The main Egyptian forces included:
1. 2,200 medium-size tanks
2. 2,900 APC's (Armoured Personnel Carriers).
3. About 2,400 cannons.
4. About 800 missile launching systems.
The ratio from which the Egyptians benefitted in the confrontation line was 1:36 soldiers. In front of 1,200 Egyptian tanks and hundreds of anti-tank resources, the IDF only placed some 85 tanks (a ratio of 1:14). In the artillery the ratio was 1:40. The zone of every Israeli tank battalion was nearly 50 kilometers in which it had to contend with forces of two Egyptian divisions. 43
These devastating numbers and the shocking ratio between the IDF and the Egyptian army, and the equivalent ratios on the northern front between the IDF and the Syrians in the Yom Kippur War are unknown to the public even today. Although many men were reservists in the army, and even fought in the Yom Kippur War, only the highest-ranking commanders have the full picture of the battles. These data have not been divulged to the Israeli public until now. The full official picture of the war has not been published yet by the IDF even though 38 years have already passed. In February 2012, the IDF archive announced the publication of more investigative books by the Agranat Enquiry Commission. Now finally, six volumes of the commission are open to the public with only a few details censored. 44
The interesting fact about The 14th Brigade site is what is written at the bottom of the pages dealing with the description of the brigade’s fighting in the Yom Kippur War:
Written [by]: General Amnon Reshef – Commander of The 14th Brigade in the Yom Kippur War.

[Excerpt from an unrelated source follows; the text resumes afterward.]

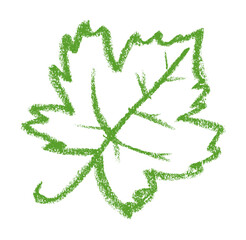 Grape Leaf Wine Sommelier Related Icon Crayon Chalk Drawing Vector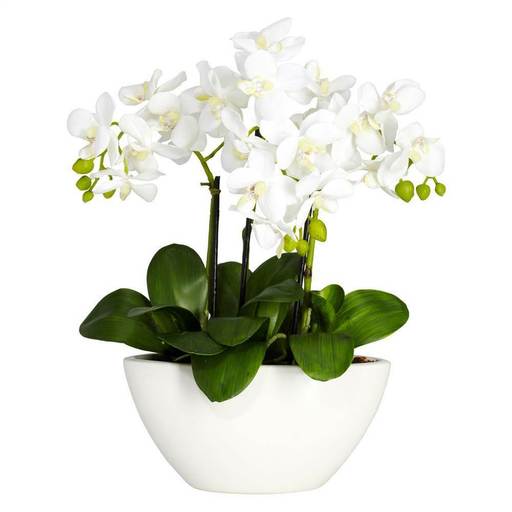 Phalaenopsis Silk Flower Arrangement [ID 126301]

Confirmed [by]: IDF History Department
Edited [by]: Brigadier-General (Res.) Baruch Korot and Brigadier-General (Res.) Dr. Dani Asher.
Thus it seems that the first confirmed history of the Yom Kippur War to which the Israeli public has access is this internet site, which was opened in 2007.
One of the interviewees for this study was Dr. Amiram Ezov, a historian, who had been working for about 15 years at the IDF History Department (1995-2009), since 2009 as a civilian scholar, he had been studying and writing, and published the "Crossing” in June 2011.
M.G.: In your book the "Crossing" there are footnotes in which you direct readers to the internet site of The 14th Brigade, can you tell me about it?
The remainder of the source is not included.